Rappelons qu’en 2012, Casablanca a connu le même drame qui a suscité la mise en place d’un plan «d’urgence». Le Conseil de la ville avait tenu, une session extraordinaire consacrée à l'examen de la problématique qualifiée de grave et urgente, selon les termes des mêmes responsables. 3 000 des habitations menaçant ruine ont été recensées, ce qui représente quelque 72 000 ménages.

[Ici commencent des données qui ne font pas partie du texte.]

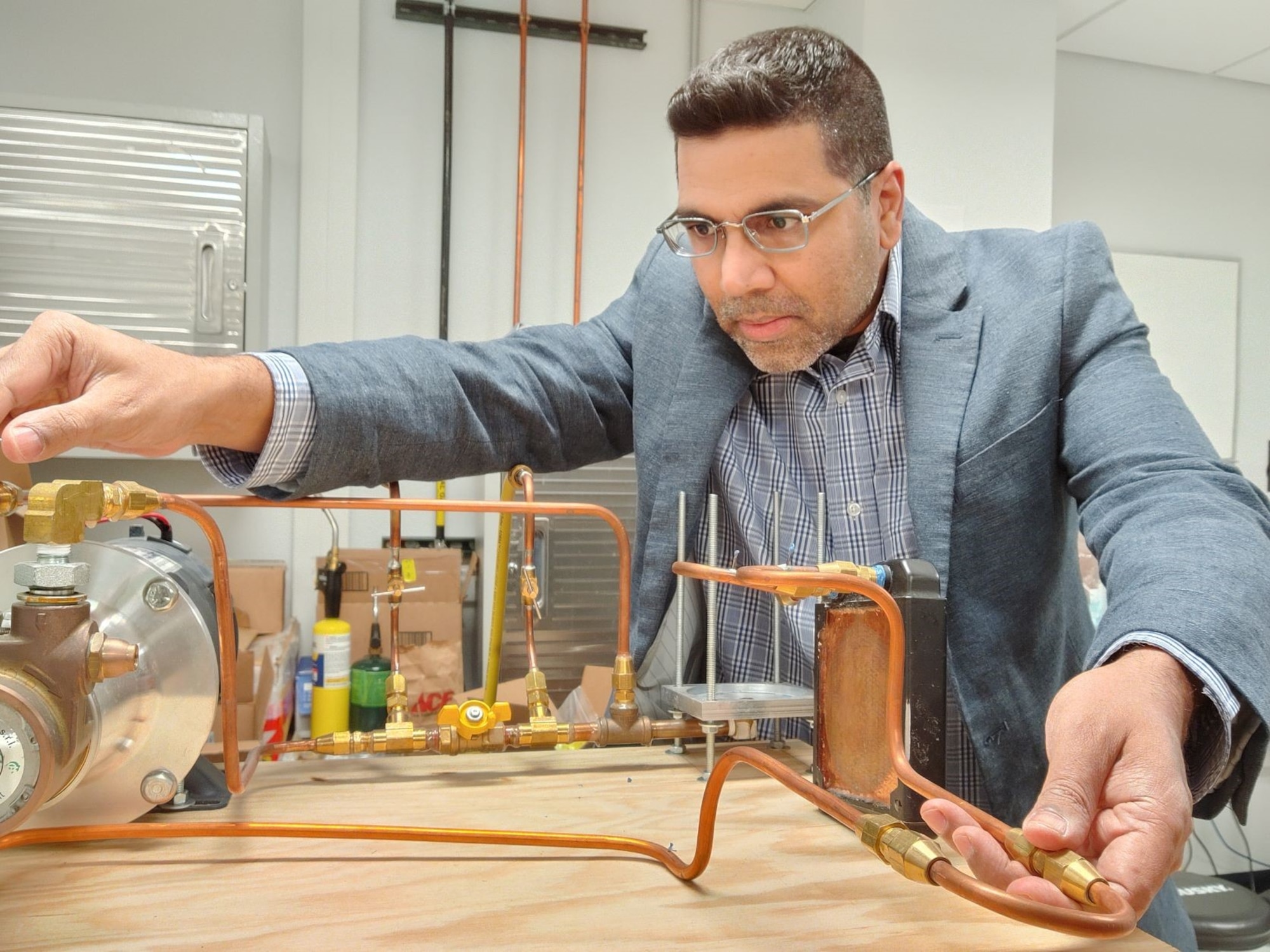 Using a laser diode system on loan from the Air Force Research Laboratory, New Mexico State University associate professor Dr. Krishna Kota tests the seal integrity of the cooling flow loop located in the Surface-environment Interaction Research Laboratory, or SIRE Lab, at NMSU. The flow loop will be used to test the ability of novel two-phase cooling approaches in handling the highly challenging, transient heat densities of directed energy weapon systems. (Courtesy photo)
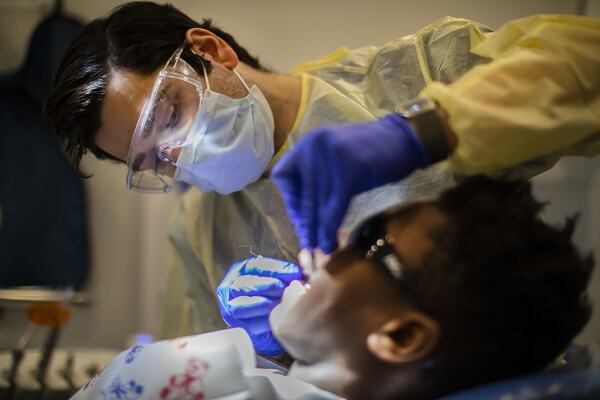 Dental hygienist wearing a mask and goggles cleans the teeth of a patient.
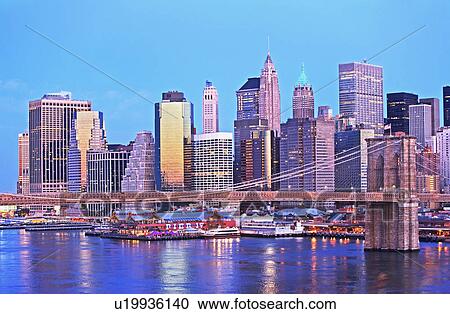 New York City skyline and Brooklyn bridge at dusk View Large Photo Image Stock Image - New York City skyline and Brooklyn bridge at dusk. Fotosearch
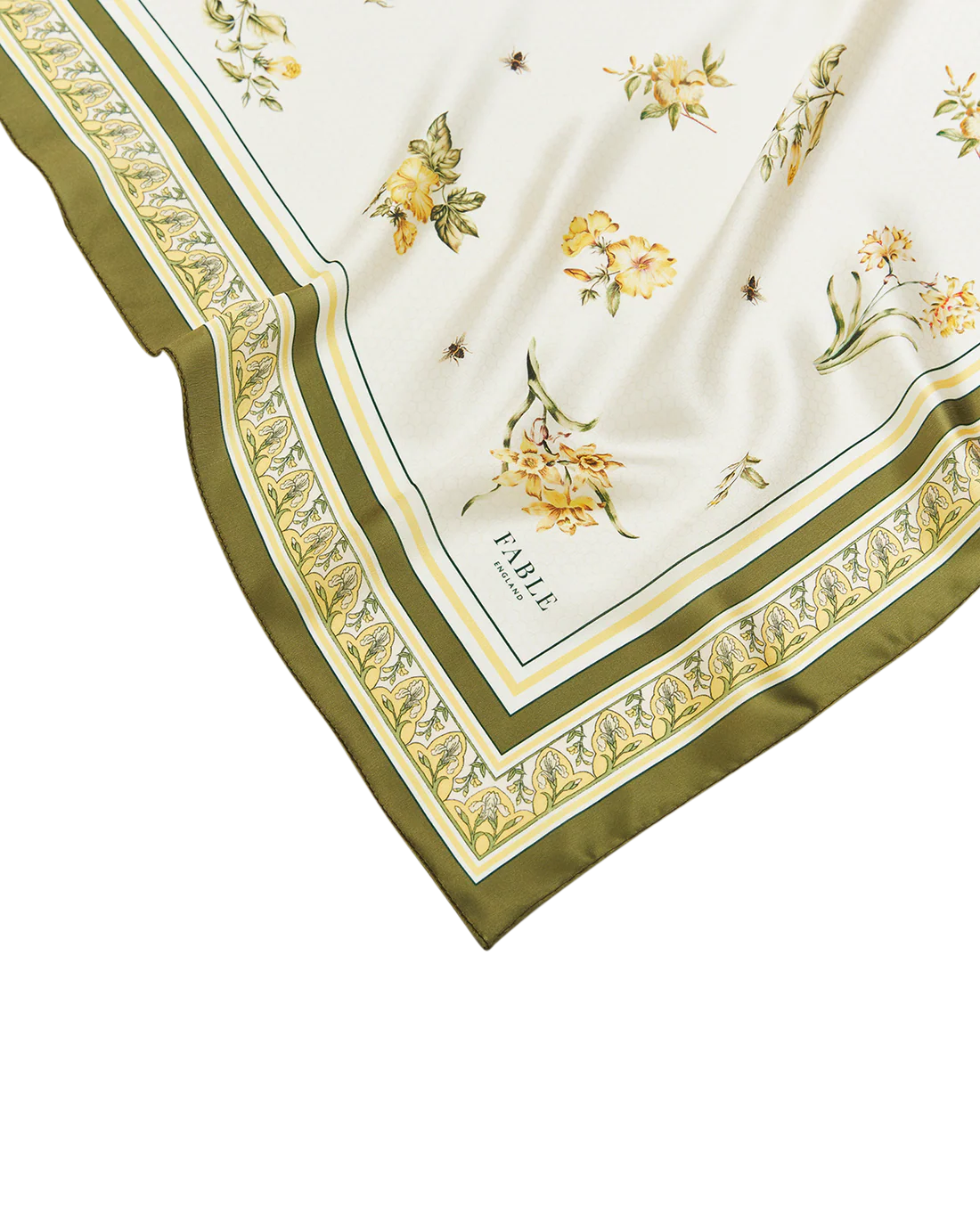 Nahaufnahme der Tuchecke mit dem 'Fable England' Schriftzug. Deutlich erkennbar sind die feine Textur des Stoffes und die detailreichen Zeichnungen der Bienen und Blüten.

Le ministère de l'Habitat, de l'urbanisme et de la politique de la ville, à l’époque a identifié les sources de financement et a déterminé les mécanismes de l’intervention en accord avec le ministère de l'Intérieur et la direction générale des collectivités locales afin de mettre en place le dit «plan d’urgence»… Deux ans après, on vit le même drame avec un bilan encore plus lourd que celui d’avant.

Alors que dire, que faire ? Sommes-nous condamnés à la fatalité ? Dans ce cas, contentons-nous de dire : au drame suivant qui nous mettra en colère, et qui aussi vite, disparaitra dans l’air ! Ce ne sont pas que des immeubles qui s’effondrent, des vies détruites, un quartier défiguré, c’est l’avenir de tout un pays que l’on condamne par notre incapacité à nous révolter. 

Tribune

Loubna Karroum
Doctorante en économie
l'histoire
Auteur : participant
Date : le 18 juillet 2014 à 08h45
Article bien écrit.
J'ai signalé sur un autre forum , que ce genre d'accident se reproduira de plus en plus.
Attendez vous à ressortir votre article dans quelques semaines ou mois.


L'âge de pierre
Auteur : moden
Date : le 16 juillet 2014 à 20h28
À mon grand regret, je constate que le Maroc vie encore à l'âge de pierre
Puis qui a donné l'autorisation pour cette élévation anarchique et hors norme ?
pour quoi ces vendeurs de sommeils cupides s'amusent a modifier les plans pour construire des cages à poules sans se soucier des ça séquences et foutre l'a vie d'autrui en l'air ?
Pourquoi les secouristes manquent de tout, de vrais formations et vrais moyens logistiques pour intervenir efficacement et rapidement en cas de catastrophe comme celle-ci ? Et si c,était Twine Center qui serait écroulé combien de victimes on aurait déplorées ?
des mots justes , dans un pays où la demagogie bat son plien ...
Auteur : houssni39
Date : le 16 juillet 2014 à 05h58
un très bon article , j'aime les marocains quand ils sont claires et non démagogues ; bravo ! enfin une marocaine qui nous donne un peu de fierté ... on en a vraiment besoin de temps en temps ...
Dernière modification le 16/07/2014 05:59
attention
Auteur : Tarik66
Date : le 16 juillet 2014 à 01h33
En cas de guerre de bombardement , sauve qui peut personne ne viendra vous aider si un obus ne vous tue pas vous mourez d'aspyxie
Militants ?
Auteur : Abdullah Abaakil
Date : le 15 juillet 2014 à 22h26
Mais de quels militants parle-t-on ?
De Ali Anouzla puni pour avoir été le whistle blower du #DanielGate ?
De Mouad Belghouate qui purge sa troisième peine de prison pour avoir dénoncé inlassablement la corruption largement à l'origine du drame de Bourgogne et bien d'autres ?
Et tous les autres qui font l'objet de harcèlement policier permanent
Il serait temps que les citoyens se fassent massivement militants à leur tour, plutôt que de se réfugier derrière une indignation légitime en laissant les autres en première ligne payer le prix leur bonne conscience.